Der irdischen Abgründigkeit stehe das leuchtende Angesicht Gottes gegenüber. Dieses offenbare sich nicht nur in einem starken gesellschaftlichen Zusammenhalt, sondern auch in vielen kleinen Gesten. „Stille Nacht – das berühmte Weihnachtslied, trifft in diesem Jahr die eigenartige Stimmung der Silvesternacht“, eröffnete Bischof Wiesemann seine Predigt.
Keine Böller, Kein Feuerwerksspektakel begrüßten diesmal das neue Jahr, stattdessen werde ein leiser und fließender Übergang ins neue Jahr geschehen. Stille und Dunkelheit begleiteten einen dabei. Es sei ohnehin eine Illusion, dass bei einem Jahreswechsel mit Pauken und Trompeten plötzlich alles neu sei. Doch es liege darin auch eine Sehnsucht und eine Hoffnung, die unser irdisches Vermögen überschritten.
„Man nimmt das Alte immer in das Neue mit, weil man sich selbst mitnimmt, weil man die eigene Geschichte mitnimmt, weil man die Menschen mitnimmt, mit denen man dieses Leben lebt“, so Bischof Wiesemann.
Bei diesem Silvester könne einem die Stille unheimlich sein: „Stille kann aber auch die Sinne schärfen, nüchterner und wahrhaftiger im Umgang mit der Wirklichkeit machen.“ Die Welt, die sich selbst so sicher glaubte, habe eine Erschütterung erlebt. Das sei keine neue Erfahrung, sondern in den Jahrhunderten unserer Menschheitsgeschichte immer wieder zu sehen.
„Aber haben wir auch etwas von der anderen Seite der Wahrheit wahrgenommen – von dem Leuchten Gottes gerade in dieser Zeit?“, fragte Bischof Wiesemann. Eine Wiedererweckung von Solidarität, große persönliche Leistungen im Gesundheitswesen, in sozialen und caritativen Einrichtungen oder auch der von der überragenden Mehrheit der Gesellschaft mitgetragene Weg aus Vernunft und der Bereitschaft zum Verzicht, seien hier beispielhaft zu nennen: „Wie viele berührende Momente, Gesten, Ideen und Taten hat diese Krise hervorgebracht!“
Abschließend zitierte er den evangelischen Theologen und Widerstandskämpfer Dietrich Bonhoeffer: „Von guten Mächten treu und still umgeben, behütet und getröstet wunderbar, so will ich diese Tage mit euch leben und mit euch gehen in ein neues Jahr.“
Musikalisch gestaltet wurde der Gottesdienst von Sopran Angelika Lenter, Christine Rox und Anne Erdmann (Violinen), Ursula Plagge (Viola) und Robert Sagasser (Violone) sowie Domkantor Joachim Weller.

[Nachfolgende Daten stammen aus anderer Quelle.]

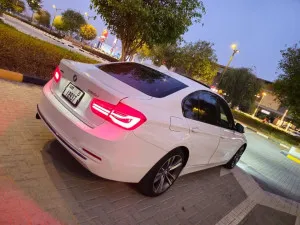 2017 BMW 3-Series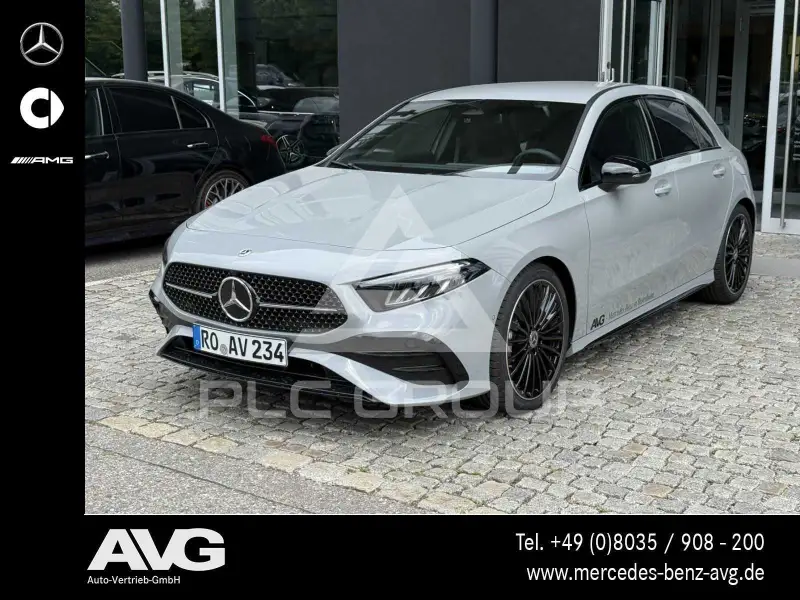 2025 Mercedes Benz A 200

Die Leitung übernahm Domkapellmeister Markus Melchiori, die Orgel spielte Domorganist Markus Eichenlaub. Da seit dem 27.12 kein öffentlichen Gottesdienste mehr stattfinden, wurde das Pontifikalamt zum Jahresschluss gestreamt.
Wiesemann stellte das neue Jahr unter den Schutz der Patronin Maria. Die Mutter Gottes wird im Bistum Speyer als Patrona Spirensis besonders verehrt – sie solle die Menschen auch über das Bistum hinaus schützen.

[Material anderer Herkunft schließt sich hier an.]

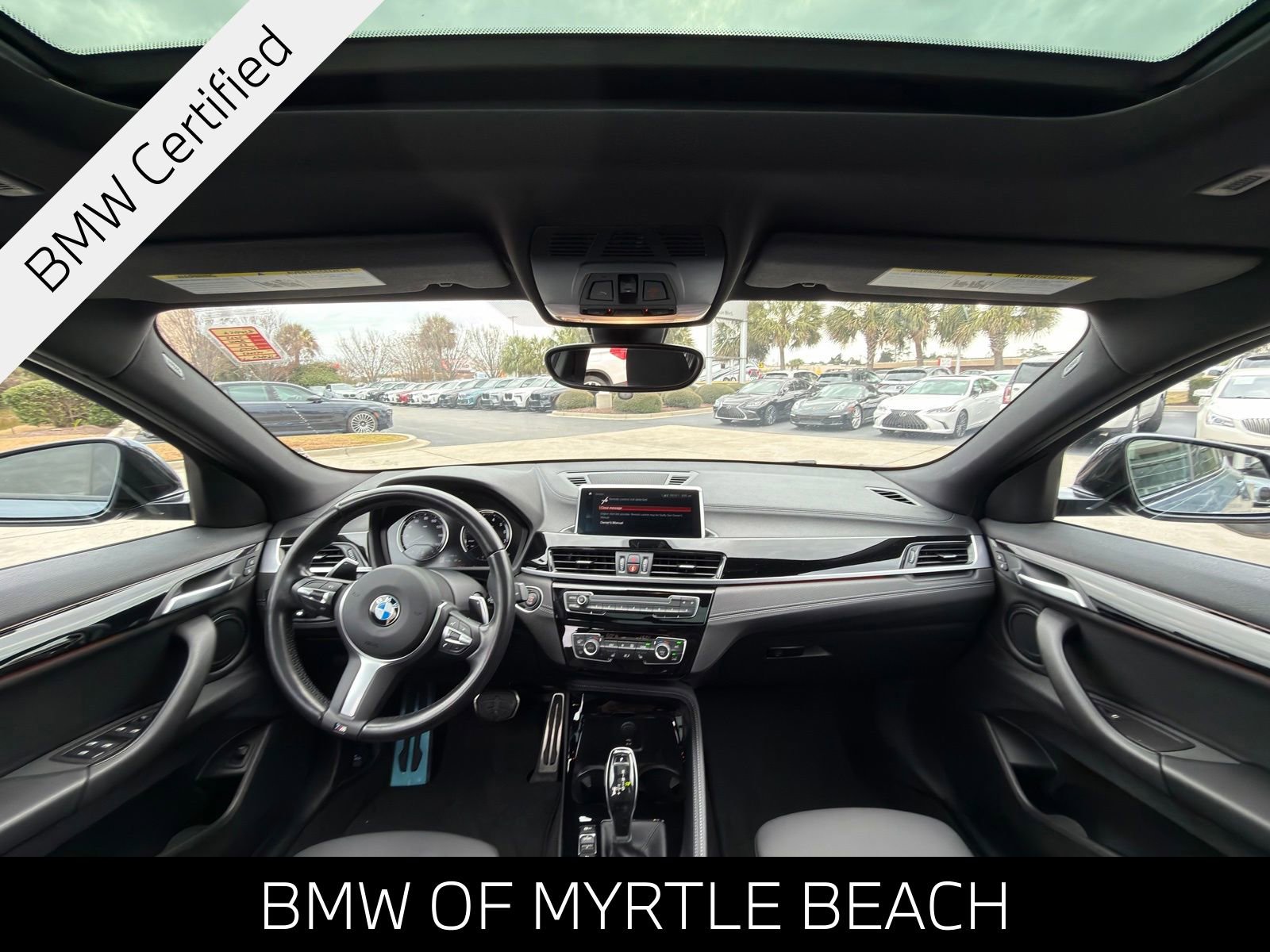 Certified 2023 BMW X2 sDrive28i w/ M Sport Package image 2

Der Bischof wünschte allen Menschen und ihren Familien ein gesegnetes und gutes neues Jahr: „Das Leuchten Gottes begegnet uns jeden Tag neu, manchmal auch nur in einem lächelnden, wohlwollenden oder liebenden Angesicht, einer helfenden Hand oder einer Aufmerksamkeit füreinander“.